WHAT IS NEEDED » Give back, word for word, the lines in the listing below from the one holding "Bastián San Juan, central" down to the one holding "Julienne-Schäler aus Edelstahl, 1 Stück", both ends included.

LISTED RECORDS »
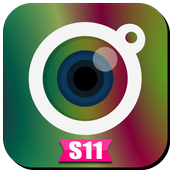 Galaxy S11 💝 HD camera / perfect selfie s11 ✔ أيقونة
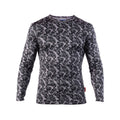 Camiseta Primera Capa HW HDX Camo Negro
* * *
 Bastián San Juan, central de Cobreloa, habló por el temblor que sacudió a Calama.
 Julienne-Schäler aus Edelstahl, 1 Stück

WRITTEN SOLUTION »
 Bastián San Juan, central de Cobreloa, habló por el temblor que sacudió a Calama.
 Julienne-Schäler aus Edelstahl, 1 Stück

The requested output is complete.